Les États-Unis sont un marché d'exportation important pour l'UE
Pour mettre en perspective les flux commerciaux entre l'UE et les États-Unis, Rabobank a analysé les données d'Eurostat sur les exportations et les importations totales de l'UE. Ces données montrent que les exportations totales de produits alimentaires et agricoles de l'UE s'élèvent à un peu plus de 200 milliards d'euros, tandis que les importations s'élèvent à 138 milliards d'euros. Les États-Unis sont le deuxième partenaire d'exportation de l'UE, représentant 13 % des exportations totales de l'UE, et le quatrième partenaire d'importation, représentant 8 % des importations totales de l'UE (voir figures 5 et 6). Ainsi, du point de vue de l'UE, les États-Unis sont un partenaire commercial important et plus important en tant que marché d'exportation qu'en tant que fournisseur.

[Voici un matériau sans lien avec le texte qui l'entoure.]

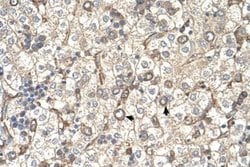 ST3GAL4 Antibody, Novus Biologicals ST3GAL4 Antibody; Unconjugated; 100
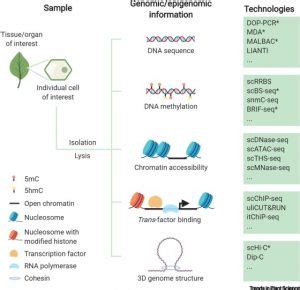 Review Single-cell genomics and epigenomics: Technologies and ...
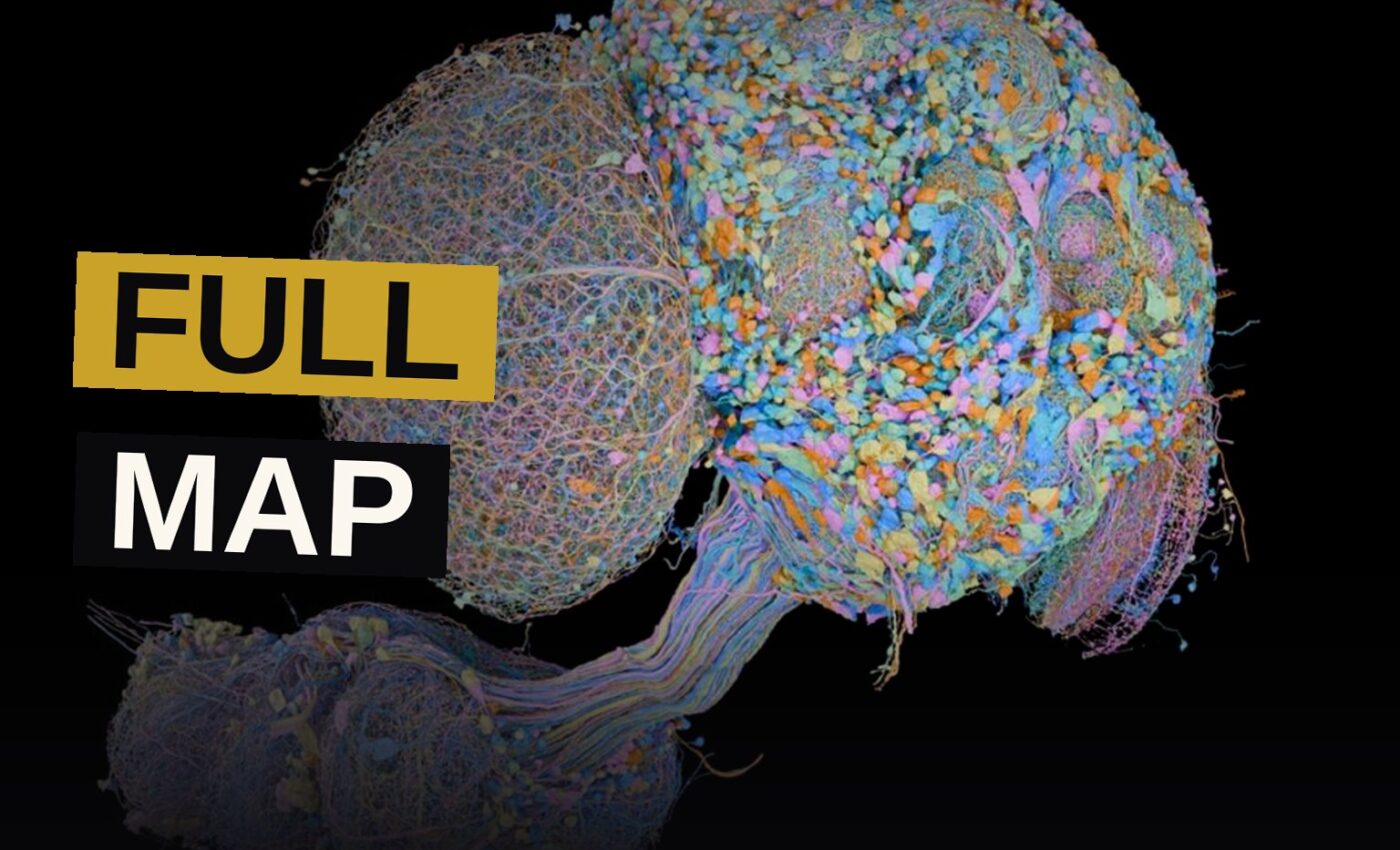 A glowing web of nerve cells forms the full picture of a fly's small but wondrous brain.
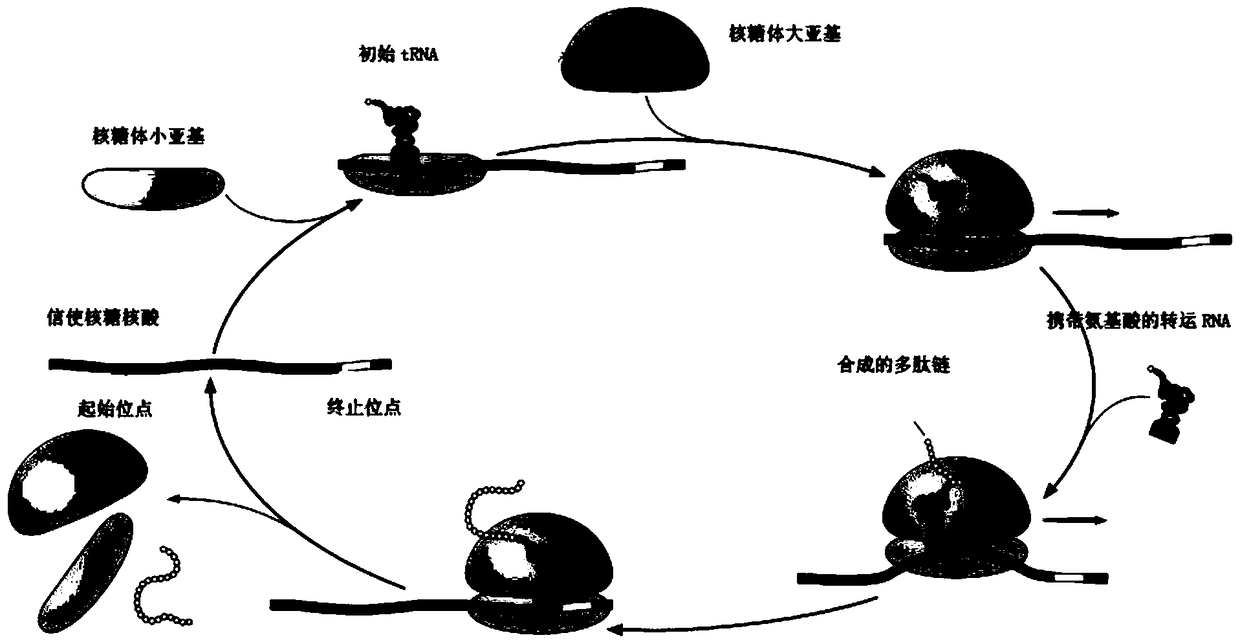 Modeling method of cellular gene translation process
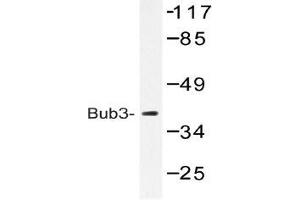 Western blot (WB) analysis of Bub3 antibody in extracts from HeLa cells. (BUB3 抗体)
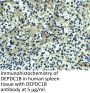 DEPDC1B Antibody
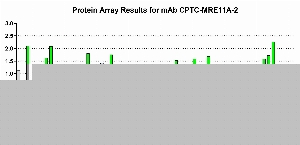 Click to enlarge image Protein Array in which CPTC-MRE11A-2 is screened against the NCI60 cell line panel for expression. Data is normalized to a mean signal of 1.0 and standard deviation of 0.5. Color conveys over-expression level (green), basal level (blue), under-expression level (red).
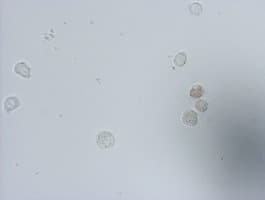 IdU / Iododeoxyuridine Antibody (clone 3F7)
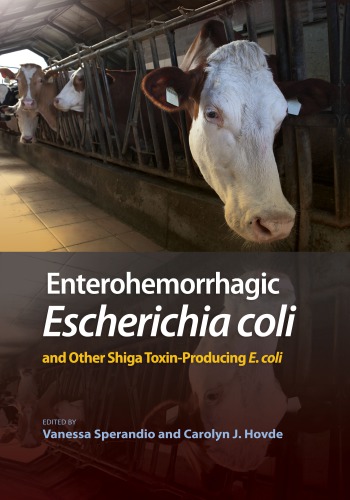 Enterohemorrhagic Escherichia Coli And Other Shiga Toxinproducing E Coli Hovde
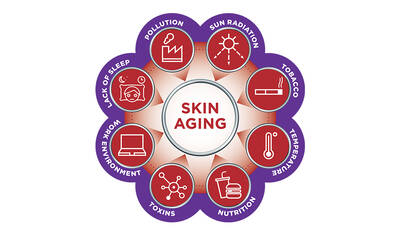 A circular diagram illustrating the factors contributing to skin aging, including pollution, sun radiation, tobacco, temperature change, toxins, nutrition, lack of sleep, and work environment, all surrounding a central label that reads "Skin Aging."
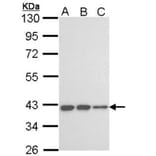 LOC727787 antibody from Signalway Antibody (23186) - Antibodies.com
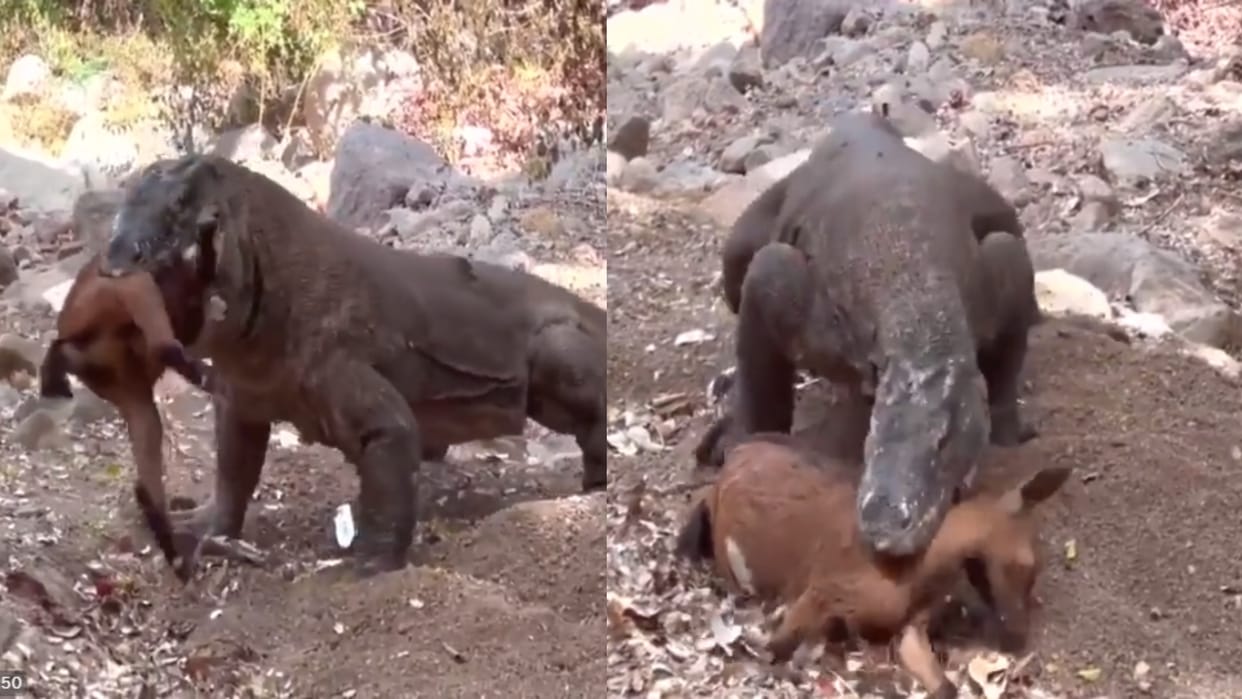 Trending komodo dragon swallows goat in one bite wildlife viral video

L'UE plus importante en tant que fournisseur des États-Unis
Du point de vue des États-Unis, l'UE est plus importante en tant que fournisseur qu'en tant que marché d'exportation. Les exportations américaines de produits alimentaires et agricoles s'élèvent à 180 milliards d'euros, tandis que les importations s'élèvent à 225 milliards d'euros. L'UE est le cinquième partenaire d'exportation des États-Unis, avec 7 % du total des exportations, et le troisième partenaire d'importation, avec 16 % du total des importations (voir figures 7 et 8). Le Canada et le Mexique sont des partenaires commerciaux plus importants pour les États-Unis, les valeurs des importations et des exportations à destination et en provenance de ces pays étant nettement plus élevées que celles de l'UE. En termes d'exportations, la Chine est le partenaire commercial le plus important des États-Unis, avec une valeur commerciale près de trois fois supérieure à celle de l'UE.